Items from a dataset

+++++

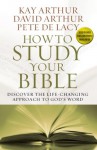 How to Study Your Bible - Kay Arthur, David Arthur, Pete De Lacy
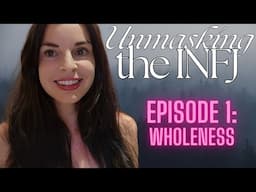 Discovering Your Inner Strength as an INFJ // Unmasking the INFJ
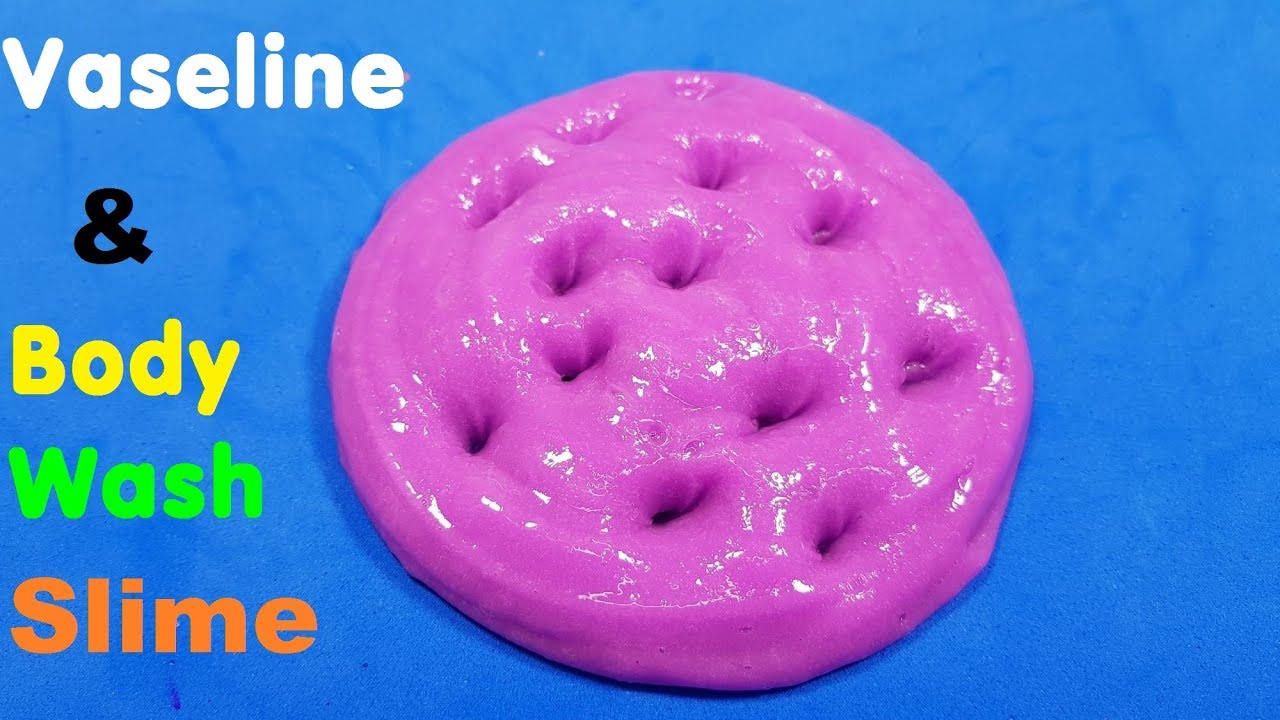 Vaseline & Body Wash Slime Recipe ! Diy Slime Vaseline YouTube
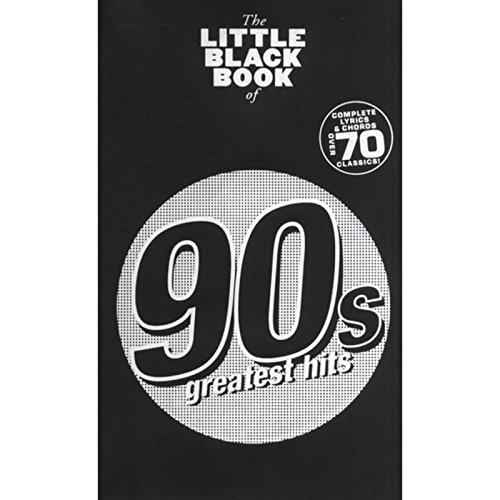 The Little Black Book Of 90S Greatest Hits: Complete Lyrics & Chords to Over 70 Classics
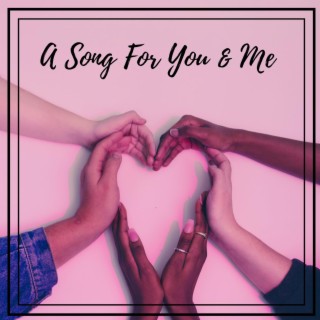 A Song For You And Me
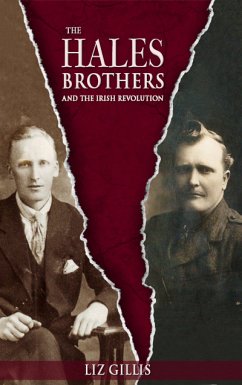 The Hales Brothers and the Irish Revolution (eBook, ePUB) - Gillis, Liz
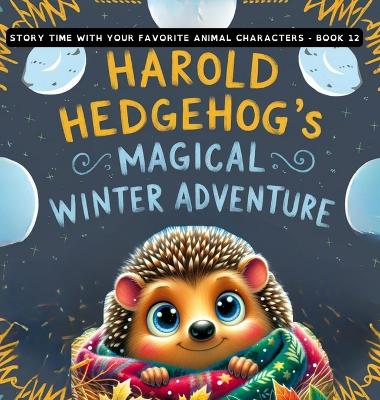 Book cover for Harold Hedgehog's Magical Winter Adventure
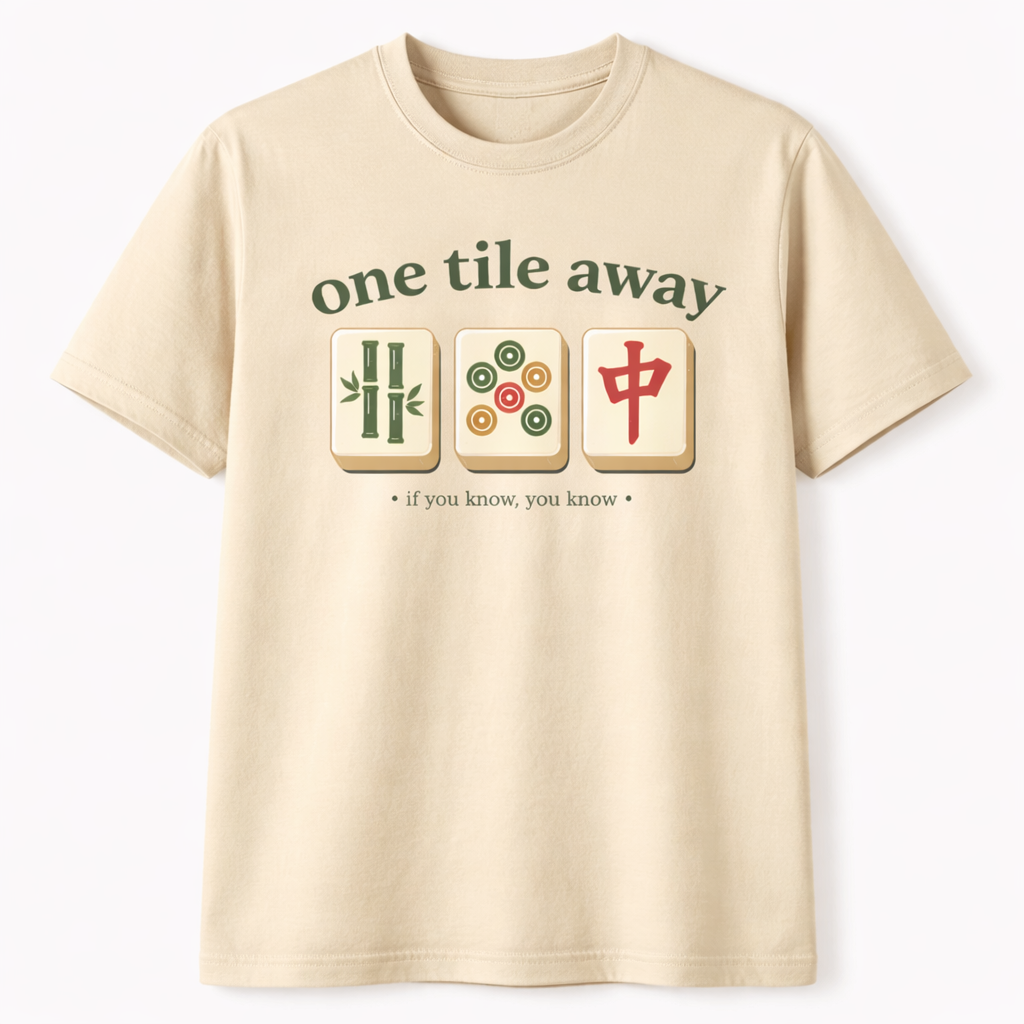 Mahjong - The One Tile Away Tee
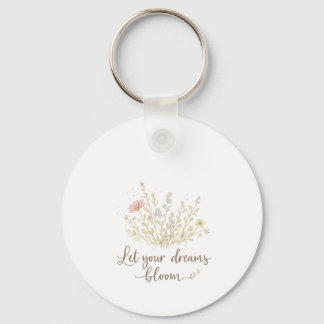Let Your Dreams Bloom | Soft Floral Motivation Art Sleutelhanger
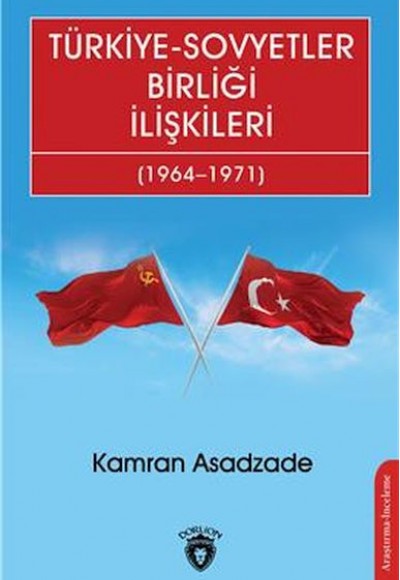 Türkiye-Sovyetler Birliği İlişkileri (1964–1971) Türkiye-Sovyetler Birliği İlişkileri (1964–1971)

+++++

> **What you should do**
Give exactly the lines above that run from the line with "Vaseline & Body" to the line with "Book cover for", both included, leaving every picture out.

> **Response**
 Vaseline & Body Wash Slime Recipe ! Diy Slime Vaseline YouTube
 The Little Black Book Of 90S Greatest Hits: Complete Lyrics & Chords to Over 70 Classics
 A Song For You And Me
 The Hales Brothers and the Irish Revolution (eBook, ePUB) - Gillis, Liz
 Book cover for Harold Hedgehog's Magical Winter Adventure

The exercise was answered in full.